I love herbs and spices, somehow that makes a dish more interesting in terms of flavour and smell. Especially in Asia, where one can get hold of these aromatic herbs in abundance. It makes absolute sense to incorporate them into the day to day dishes that we cook and create them into something extraordinary. My cooking style does not use exact measurements in terms of cups, ounces or grams. It’s with the touch, feel, and taste. I use my instincts to cook, and as someone from the Culinary Institute of America had said to me, she uses the cookbook more as a guide, the rest is up to you to create your dish, your bakes. I love Thai food, and a good friend of mine is Mary, a brilliant interior designer and a fantastic cook. She cooks fabulous southern style Thai food as she is a native of Phuket. I was glad to receive some tips and even jot down recipes on how to make some of the lovely dishes taught to her by her grandmother and mother. I did try and replicate them, and they turned out really good in fact, and my dinner guests loved them. This was a dish I thought of making one evening a slipshot work of mine actually. I use Thai basil, coriander and kaffir lime leaves, some lemongrass and Thai chilli paste, abit of a fiery dish yes, but its played down abit by the tomato puree and cream making it into creamy, spicy tomato sauce. So thank you, dear Mary for the tips and with this pasta dish, I dedicate this page to you.

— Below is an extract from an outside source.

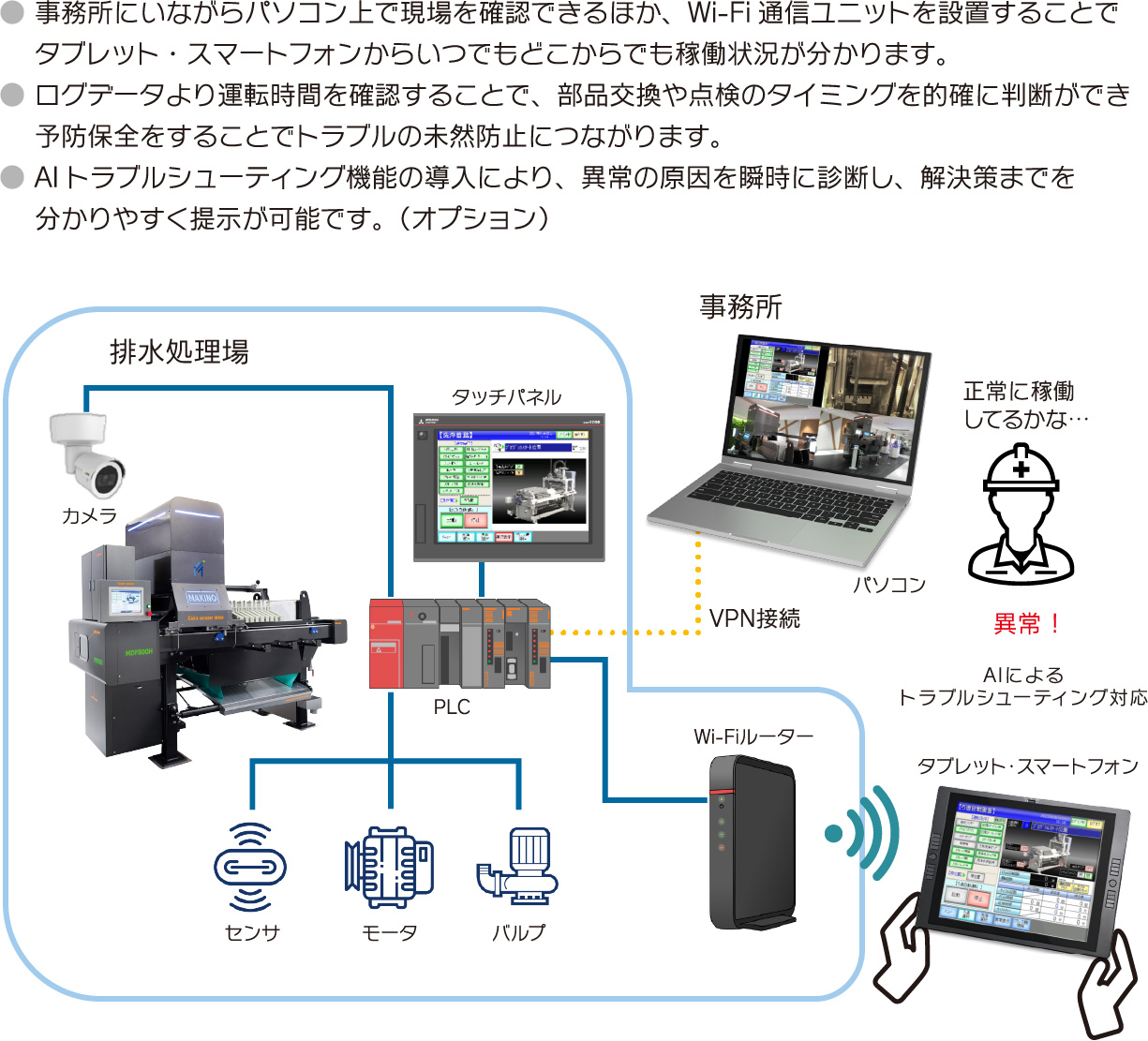 遠隔監視システム + AIによるトラブルシューティング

Recipe for Pasta ala Thai fused with Three Herbs in Spicy Tomato Sauce
300g prawns (washed and skinned leaving tails in tact)
8 mussels (washed and cleaned)
10 pc shitake mushrooms
1 stalk lemongrass bruised
1 medium onion chopped
1 clove garlic chopped
2 dried chillies cut thinly (if one can take the heat)
1 small bunch of Thai basil leaves
1 small bunch coriander (cilantro) leaves
4-5 kaffir lime leaves (makrut, or limau purut)
1 tsp Thai chilli paste – I used Mae Pranom Thai chilli paste
2 tbsp char siew sauce for that thick sweet malt flavour – I used Lee Kum Kee brand
1 small punnet cherry tomatoes halved
2 -3 tbsp tomato puree (gauge)
200ml cooking cream – I used Emborg/Arla/President
Spaghetti for cooked for 2
Extra virgin olive oil
Salt to taste
Extra chilli flakes for garnish
- Heat about 3 tbsp oil in a large pan.
- Fry the onions, garlic, and some dried chillies (optional) until fragrant. Add the halved tomatoes, chilli paste and the char siew sauce. Then the mushrooms. Stir well. Add the prawns and incorporate with the stir fried spices.
- Crush the kaffir lime leaves, tear up some coriander and Thai basil leaves and mix well with the prawns. Add the tomato puree and mix well. Pour the cream bit by bit. Add the mussels last.
- At this time taste and see if you need to add any salt or a tad of brown sugar. The heat of the spices should blend in well by now.
Boil some water for the spaghetti, sprinkle some salt. Cook to your preference. Drain. Toss into the sauce. Serve hot with extra herbs.
- Note : The sauces I used can be found at local supermarkets or those abroad, Asian grocery stores. If you lessen the chilli paste add a dash of fish sauce. Happy trying!